Instructors: Francesca OTT, Elia TZOUKERMANN, Brandon COUNTY
Wolof, a West-Atlantic/Senegambian language of the Niger-Congo family, is an important language of daily life, faith, philosophy, and artistic expression in its core area of Senegal and The Gambia, as well as in Mauritania, Guinea, and Mali. It is spoken in emigrant communities in West Africa, western Europe, and North America. Over six centuries, Wolof and related tongues have shaped Afro-Atlantic creole languages of the western Sahara Desert (Ḥassānīyyah), the Upper Guinea littoral (Berdiánu, Aku), Hispaniola (Ayisyen), southeastern North America’s Sea Islands (Gullah), and the Mississippi River basin (Lalwizyàn). In the 19th and 20th centuries, Wolof informed regional lexicons of colonial rule and decolonial resistance. Today, it is a touchstone for Diasporic, Pan-Africanist, and Afrofuturist philosophies. With its deep past and imaginative breadth, Wolo s importance in the arts, humanities, and social sciences merit serious study.

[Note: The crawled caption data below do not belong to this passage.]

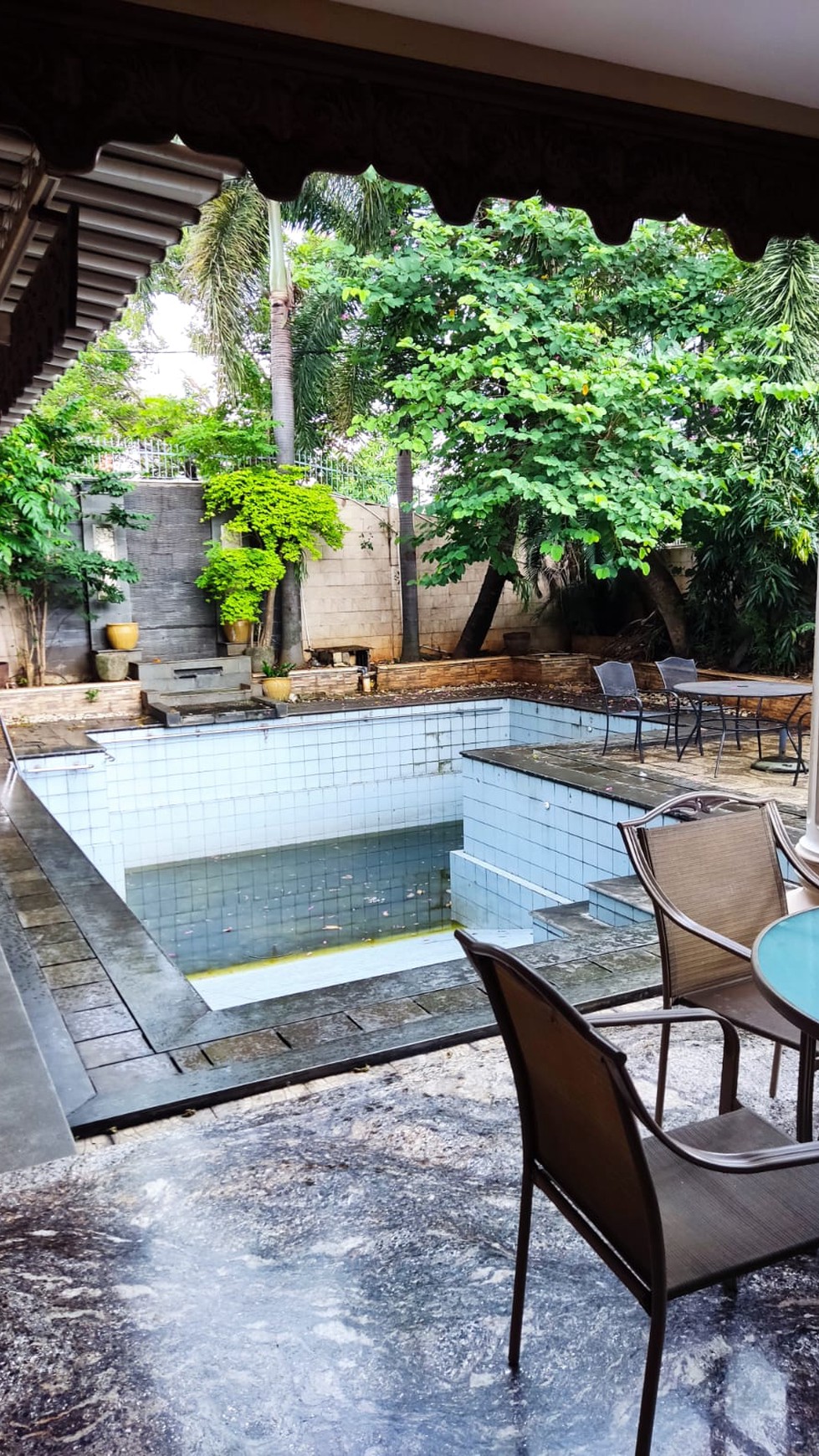 Rumah Classic Jatipadang Raya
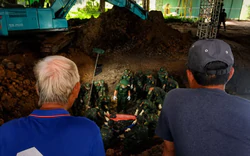 Lời kể ám ảnh của hai nhân chứng về hố chôn tập thể ở công viên Lê Thị Riêng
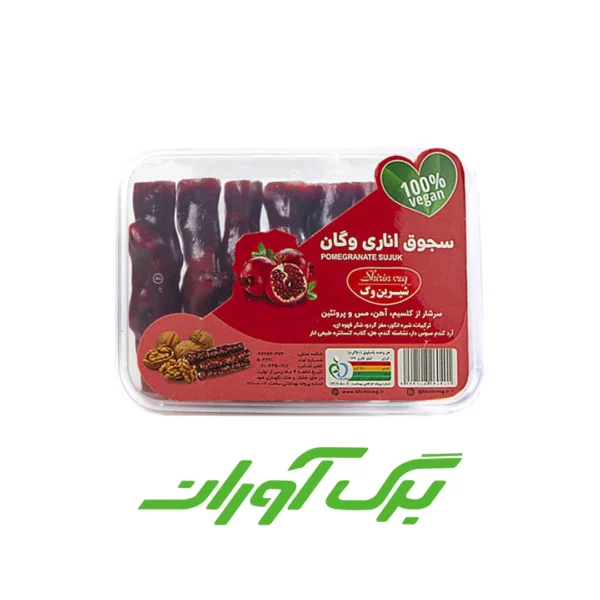 سجوق اناری 300 گرمی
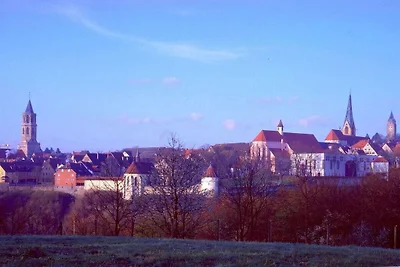 Vakantieappartement met 1 slaapkamer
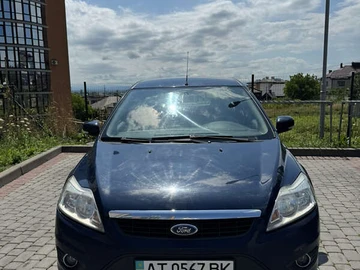 Авто Ford Focus 2008 № 7876922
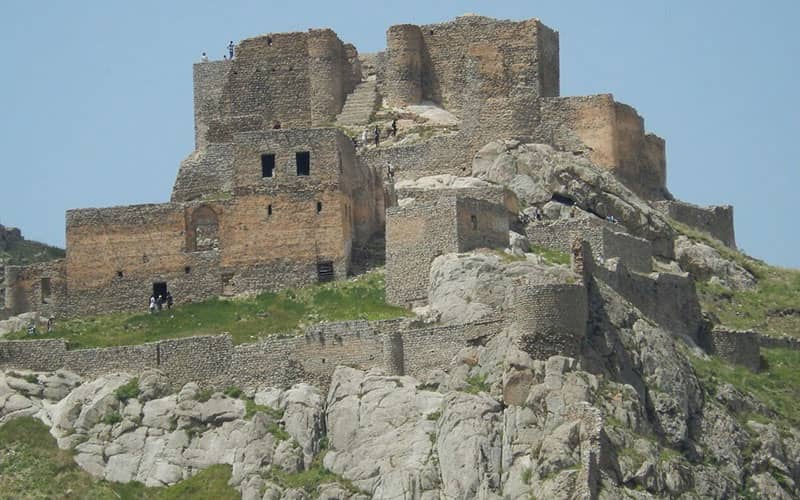 قلعه بابک کلیبر، مکانی باستانی برای دوستداران تاریخ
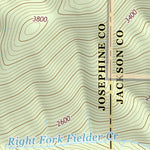 42123SE Page 7 Grants Pass Topo Preview 3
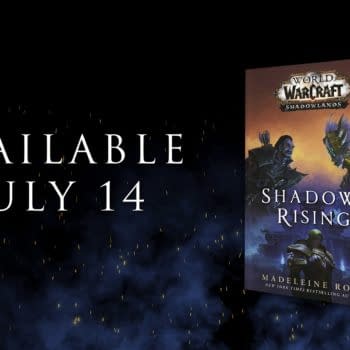 World Of Warcraft Shadows Rising Promo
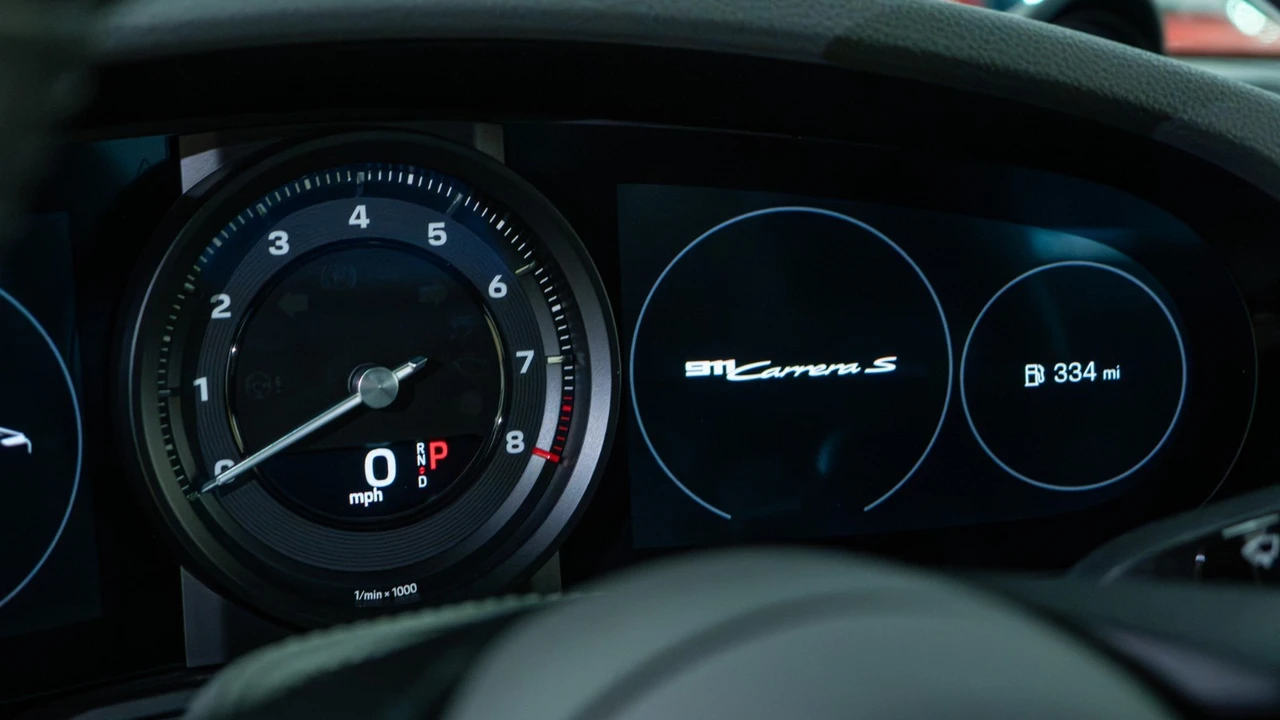 2021 Porsche 992 Carrera S - Image 25 of 31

This course focuses on the basic grammar, vocabulary, and culture of Wolof speakers as an introduction to West African linguistics and lifeways. Attentive to Senegalese examples in our conversational activities and written assignments, the course emphasizes grammar analysis, oral expression, and aural comprehension across different media. At semester’s end, students will have a basic (if limited) vocabulary, a command of fundamental grammar, and insight into the cultural contexts in which Wolof is used.